[Azure] SQL Server Stretch Database Overview


O Stretch Database é uma feature disponível a partir do SQL Server 2016 que permite armazenarmos parte dos dados de um banco SQL Server no Azure. Com o Stretch Database temos um exemplo de solução híbrida, onde parte dos dados estão on-premises (local) e parte no Azure.

Atualmente é possível armazenar até 240 TB no Azure com dados de tabelas Stretch.

Apesar do nome da feature ser Stretch Database, na prática, a configuração é por tabela.

A forma mais simples de habilitar o Stretch Database é através do SSMS: botão direito no banco > Tasks > Stretch > Enable. Neste wizard podemos escolher quais tabelas configurar e o wizard dirá se a tabela atende todos os pré-requisitos. Importante frisar que é necessário ter uma assinatura no Azure e que por hora, nem todas as regiões do Azure oferecem este serviço.

Se o cliente desejar, ele pode deixar parte dos dados de uma tabela on-premises e parte dos dados na nuvem (como em um particionamento). Para aplicar este "particionamento" é preciso definir uma função T-SQL com a regra do que deve ser enviado para o Azure; na hora de habilitar o stretch para a tabela, informamos o nome da function como um filter_predicate. Exemplo:

-- função com a lógica do "particionamento"
create function dbo.fn_filtro_stretch(@dt datetime)
returns table
with schemabinding  
as  
return select 1 as linha_elegivel
       where @dt < '20170701 00:00:00'
go
-- habilitar o stretch na tabela com a lógica de particionamento:
alter table t1 set ( remote_data_archive = on (
   filter_predicate = dbo.fn_filtro_stretch(data_pedido),
   migration_state = outbound
) );

Os dados enviados para o Azure não podem ser modificados.

Depois de enviar os dados para o Azure é possível traze-los de volta para o on-premises, mudando o migration_state para inbound:

alter table t1
   set ( remote_data_archive = on ( migration_state = inbound ) ) ;
go

Para mensurar o espaço utilizado por uma tabela Stretch, podemos utilizar o comando sp_spaceused com a opção remote_only:

-- espaço utilizado no Azure:
exec sp_spaceused 'Pedidos', 'true', 'remote_only';
go

Para monitorar a sincronização dos dados para o Azure temos a DMV sys.dm_db_rda_migration_status que exibe os 200 ciclos mais recentes de sincronização dos dados. Essa DMV também será útil para identificar problemas de conectividade.

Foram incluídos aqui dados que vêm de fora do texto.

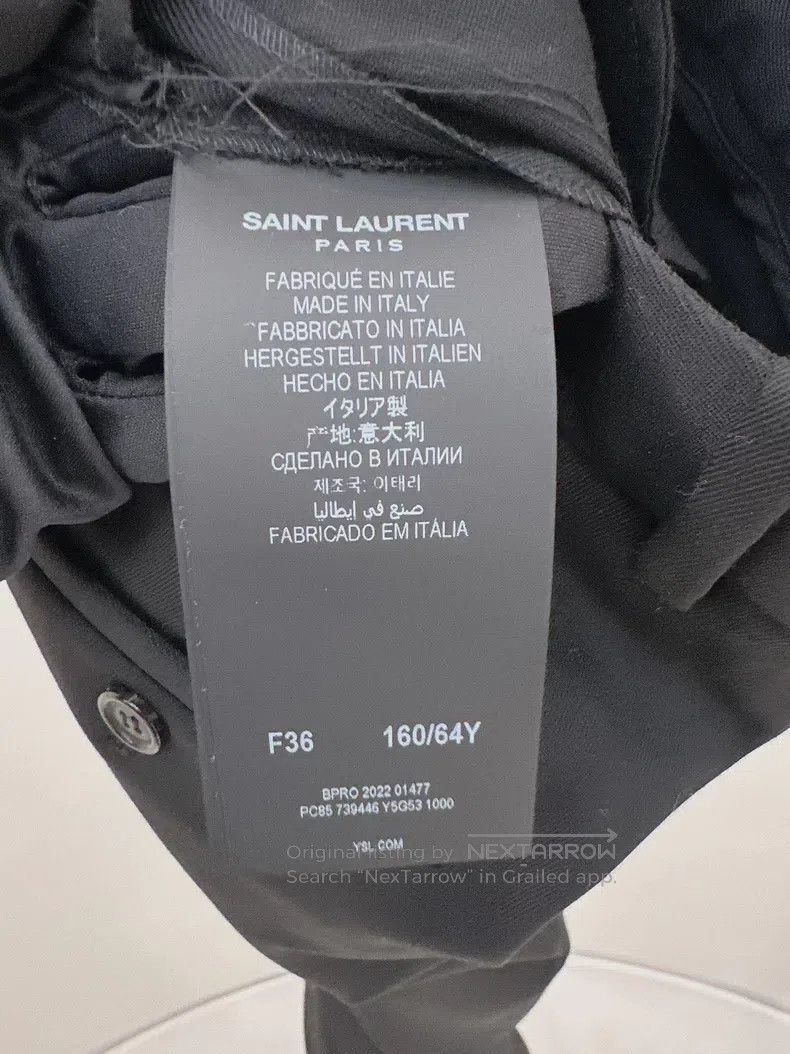 Saint Laurent Paris Saint Laurent Paris Black Flared Pants Size 35" - 6 Thumbnail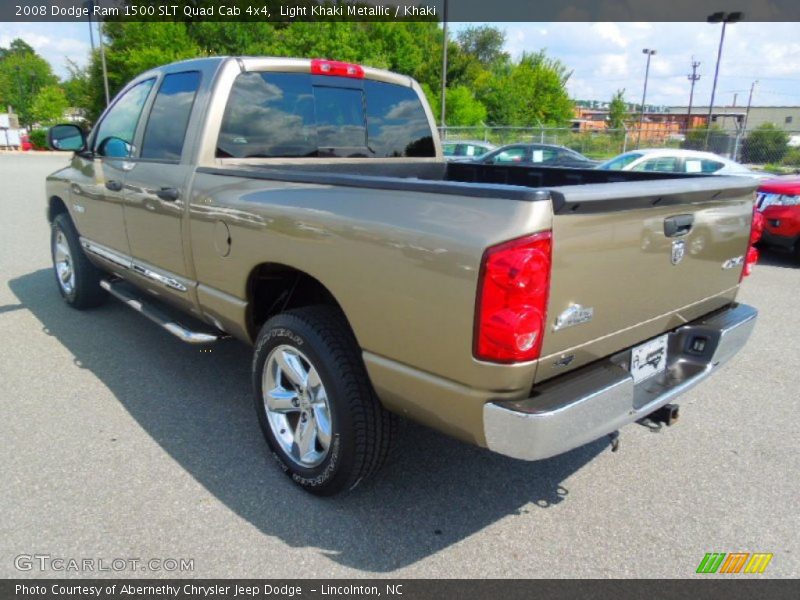 Light Khaki Metallic / Khaki 2008 Dodge Ram 1500 SLT Quad Cab 4x4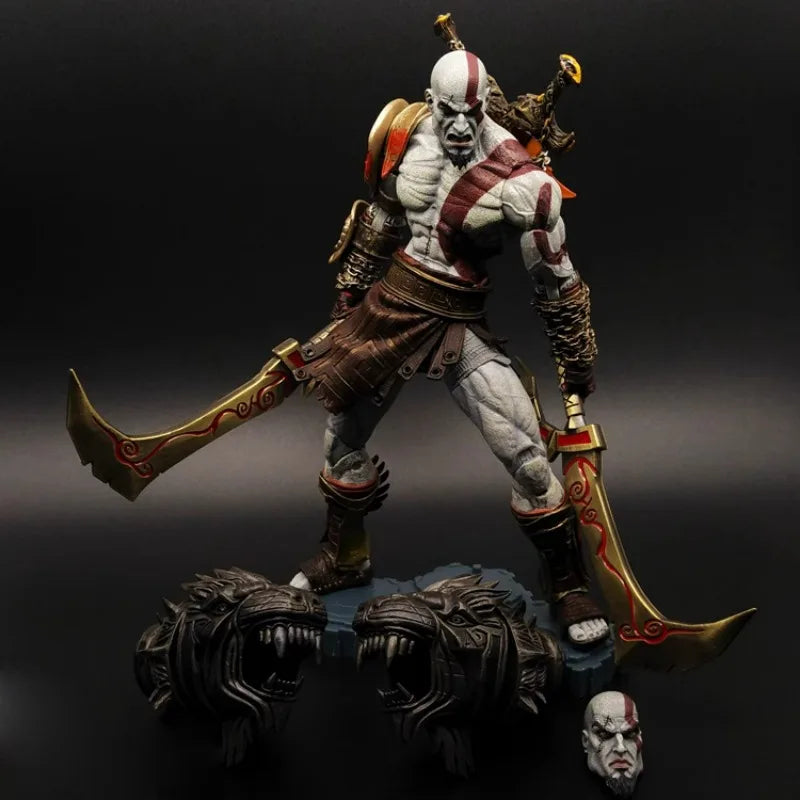 Figura de colección de 7 pulgadas de edición limitada de Kratos y su hijo, muñeco articulado de adorno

O Stretch Database é interessante para o armazenamento de cold data, ou seja, dados que precisam ser armazenados por longos períodos, mas que serão consultados raramente. Com essa abordagem o cliente pode reduzir significativamente o custo de armazenamento e também reduzir o tamanho do banco de dados, o que refletirá na redução do custo de operações de backup, reindex, etc.

Os dados armazenados no Azure são criptografados, possuem backup automático e HA/DR.

Tabelas que participam de replicação, In-Memory OLTP, change tracking, CDC, filestream, não suportam o Stretch Database.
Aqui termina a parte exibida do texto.